Hamilton--Jacobi theory for continuation of magnetic field across a toroidal surface supporting a plasma pressure discontinuity

TL;DR

This paper develops a Hamilton--Jacobi framework to analyze the continuation of magnetic fields across a plasma surface with pressure discontinuity, linking the problem to invariant tori in Hamiltonian dynamics.

Contribution

It introduces a Hamilton--Jacobi approach to magnetic field continuation across discontinuities, connecting plasma boundary conditions to invariant tori in phase space.

Findings

Existence of invariant tori is necessary for magnetic field continuation.

The continued magnetic field's rotational transform is generally irrational.
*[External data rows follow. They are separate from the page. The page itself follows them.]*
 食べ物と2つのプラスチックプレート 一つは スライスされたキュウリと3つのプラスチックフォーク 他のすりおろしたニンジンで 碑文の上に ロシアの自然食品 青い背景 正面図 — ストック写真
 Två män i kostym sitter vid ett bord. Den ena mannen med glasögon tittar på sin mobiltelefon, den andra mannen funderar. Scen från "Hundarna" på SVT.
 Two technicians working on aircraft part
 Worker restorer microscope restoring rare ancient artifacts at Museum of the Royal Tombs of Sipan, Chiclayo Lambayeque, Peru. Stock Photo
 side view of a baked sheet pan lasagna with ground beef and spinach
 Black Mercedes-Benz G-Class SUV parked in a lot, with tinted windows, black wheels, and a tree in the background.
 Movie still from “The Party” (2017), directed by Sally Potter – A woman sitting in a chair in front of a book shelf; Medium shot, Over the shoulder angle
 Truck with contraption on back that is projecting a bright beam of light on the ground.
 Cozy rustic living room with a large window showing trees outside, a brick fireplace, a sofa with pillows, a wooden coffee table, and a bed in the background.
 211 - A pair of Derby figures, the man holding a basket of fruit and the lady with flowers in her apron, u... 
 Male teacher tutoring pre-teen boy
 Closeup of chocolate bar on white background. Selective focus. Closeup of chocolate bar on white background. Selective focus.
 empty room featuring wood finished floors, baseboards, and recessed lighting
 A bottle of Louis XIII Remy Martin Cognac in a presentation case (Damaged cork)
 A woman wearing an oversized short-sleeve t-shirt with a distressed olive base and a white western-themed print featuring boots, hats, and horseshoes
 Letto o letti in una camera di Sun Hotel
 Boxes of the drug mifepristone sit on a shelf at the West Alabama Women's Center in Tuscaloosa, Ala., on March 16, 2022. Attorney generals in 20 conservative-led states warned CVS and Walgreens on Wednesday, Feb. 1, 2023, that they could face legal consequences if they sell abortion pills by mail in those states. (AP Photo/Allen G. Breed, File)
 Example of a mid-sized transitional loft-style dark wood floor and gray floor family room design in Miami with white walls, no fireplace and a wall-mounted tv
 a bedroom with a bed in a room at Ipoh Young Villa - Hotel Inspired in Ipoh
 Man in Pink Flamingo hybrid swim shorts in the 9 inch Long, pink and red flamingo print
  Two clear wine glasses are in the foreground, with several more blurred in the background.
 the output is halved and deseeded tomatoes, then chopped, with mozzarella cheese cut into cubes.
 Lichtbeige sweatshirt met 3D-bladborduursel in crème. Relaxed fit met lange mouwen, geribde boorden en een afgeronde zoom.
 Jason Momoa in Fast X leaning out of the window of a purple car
The boundary conditions reduce the problem to solving a Hamilton--Jacobi equation.

Abstract

The vanishing of the divergence of the total stress tensor (magnetic plus kinetic) in a neighborhood of an equilibrium plasma containing a toroidal surface of discontinuity gives boundary and jump conditions that strongly constrain allowable continuations of the magnetic field across the surface. The boundary conditions allow the magnetic fields on either side of the discontinuity surface to be described by surface magnetic potentials, reducing the continuation problem to that of solving a Hamilton--Jacobi equation. The characteristics of this equation obey Hamiltonian equations of motion, and a necessary condition for the existence of a continued field across a general toroidal surface is that there exist invariant tori in the phase space of this Hamiltonian system. It is argued from the Birkhoff theorem that existence of such an invariant torus is also, in general, sufficient for continuation to be possible. An important corollary is that the rotational transform of the continued field on a surface of discontinuity must, generically, be irrational.